First of all, it certainly isn't true that $f$ is Lebesgue integrable implies $f$ is bounded. Thus I will assume by integrable we mean Riemann Integrable.
With the definition of the Riemann Integral given in, for example, Rudin's Principles of mathematical Analysis and Abbott's Understanding Analysis, a proof of this fact is unnecessary as both require that $f$ is bounded for in order for it to even enter in the definition for the Riemann integral.
In these books, the integral is only defined for bounded functions so if we have a function and we know how to integrate it, then it has to be bounded.
For references, see Definition 6.2 on page 122 of Rudin or Section 7.2 starting on page 186 in Abbot's text (page numbers, etc may differ by edition).
Edit: It has been brought to my attention by @SantiagoCanez in the comments that in Real Mathematical Analysis, Pugh defines the Riemann Integral in a way that does not definitionally require boundedness. The first theorem Pugh proves once he defines the Riemann Integral is that integrability implies boundedness.

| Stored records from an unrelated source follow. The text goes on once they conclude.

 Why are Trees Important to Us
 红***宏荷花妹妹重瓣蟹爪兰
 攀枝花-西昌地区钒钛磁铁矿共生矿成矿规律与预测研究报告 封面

This is Theorem 15 on page 155 in my edition. This goes to show that one must first agree on definitions. I don't know how you define the Riemann Integral, but see here for Pugh's proof that integrability implies boundedness (and scroll up for his definition of the Riemann Integral.)
Considering this, and the discussion below, certain definitions require a proof that integrability implies boundedness. For one such proof, see @ReneSchipperus's answer.